Reputation: 734
After I read xml files using spark:
df = spark.read\
.format("xml")\
.options(**options)\
.load("s3a://.../.../")
I checked the number of partitions with df.rdd.getNumPartitions()
, and got 20081.
How do I limit the number of partitions at the start so I don't have to do a coalesce()
later? The issue with having so many partitions is due to each partition creates one file during df.write
, and 20081 new very small files in s3 each time this process runs is very bad practice.
Upvotes: 3
Views: 2420
Reputation: 6082
The number of partitions is calculated by DataSourceScanExec via a bit complex formula. However to simplify it, try to increase this value spark.sql.files.maxPartitionBytes
, it is 134217728
(128 MB) by default. Try to make it larger and you will see the difference.

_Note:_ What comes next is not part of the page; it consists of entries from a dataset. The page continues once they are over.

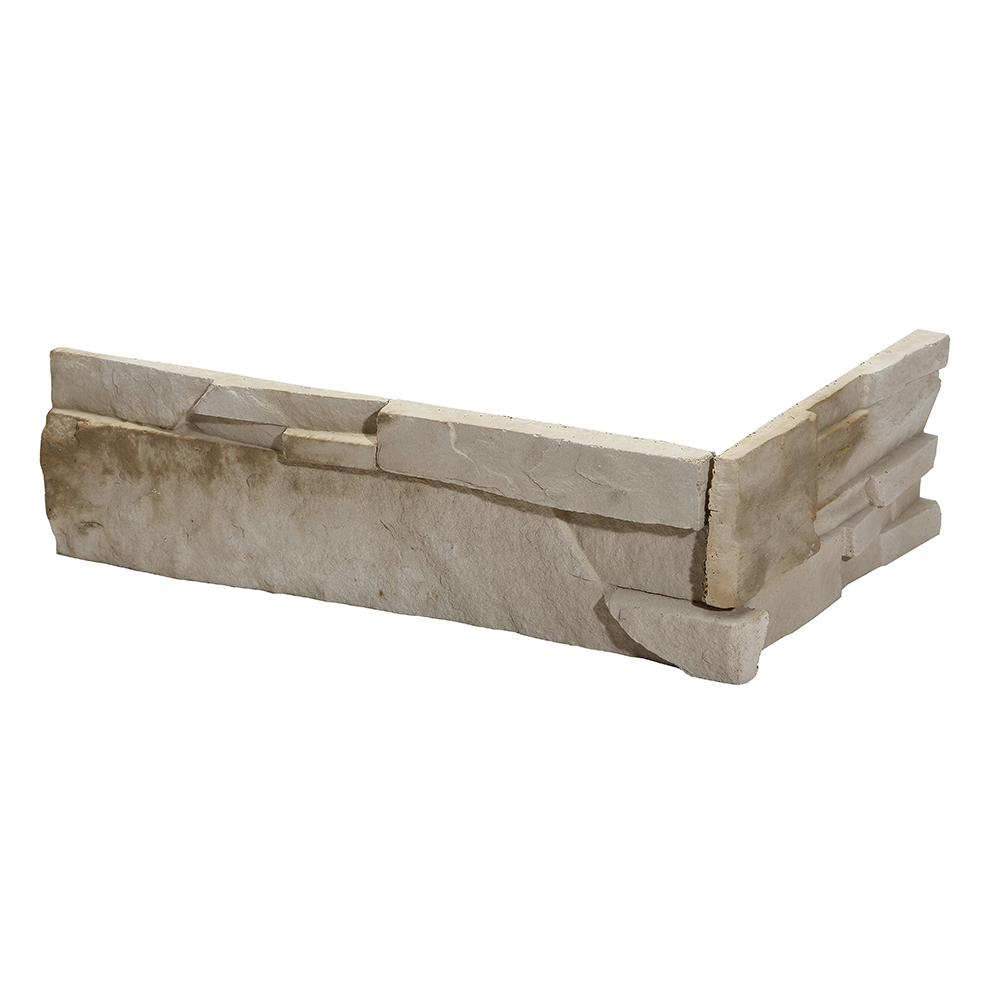 Obklad betonový rohový STEGU MADERA 1 béžová (0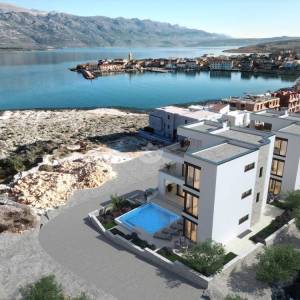 Zadar, Vinjerac, Vila  441 m², sa bazenom, 100 m do Mora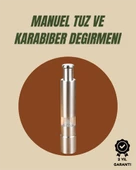 Sağlıklı ve Dayanıklı Gıda Sınıfı Paslanmaz Çelik Öğütücü - 1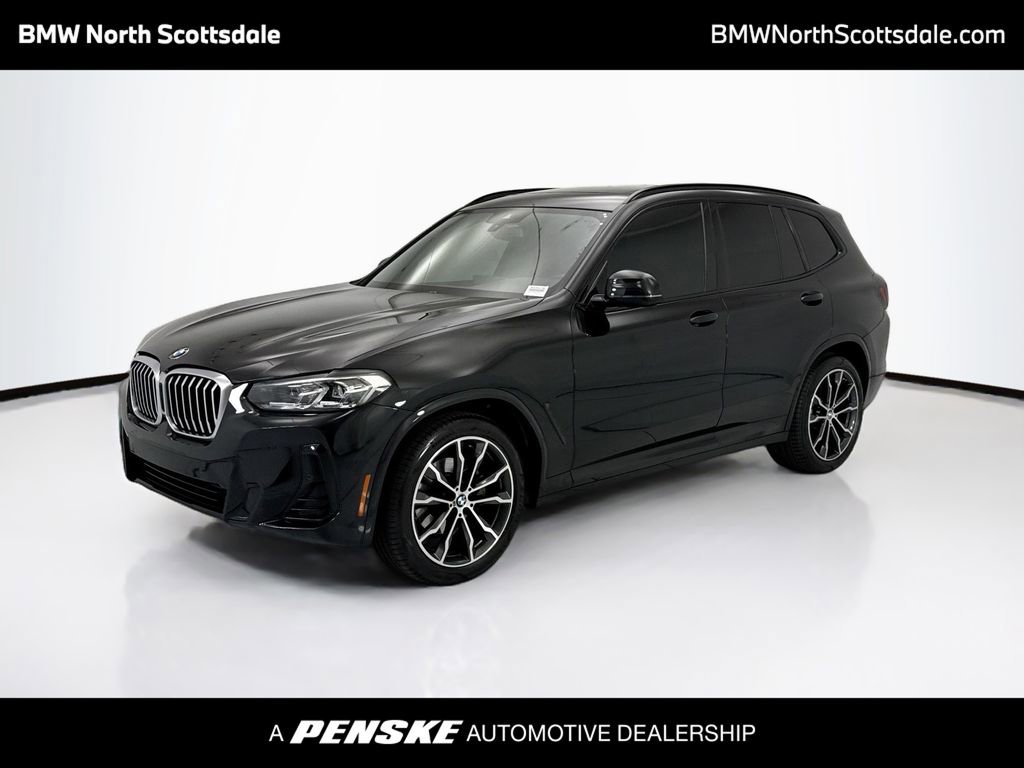 Used 2022 BMW X3 sDrive30i w/ M Sport Package 2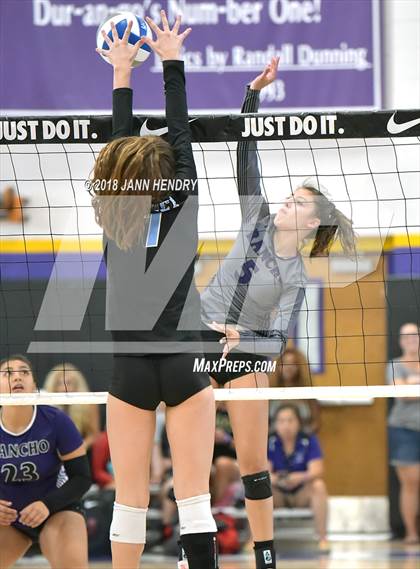 Thumbnail 3 in Rancho Cucamonga vs. Mercy (Durango Fall Classic) photogallery.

spark.conf.set('spark.sql.files.maxPartitionBytes', '1073741824') # 1 GB
Upvotes: 1
Reputation: 18475
The resulting Dataframe of spark.read
will always match the number of partitions with the number of files because each file will be read by a dedicated task.
If you need to run this process more often I would rather have those original 20000 files consumed and copied once into lesser files using coalesce
or repartition
. Then, all subsequent reads of those files will result in a Dataframe with lesser partitions.
Upvotes: 1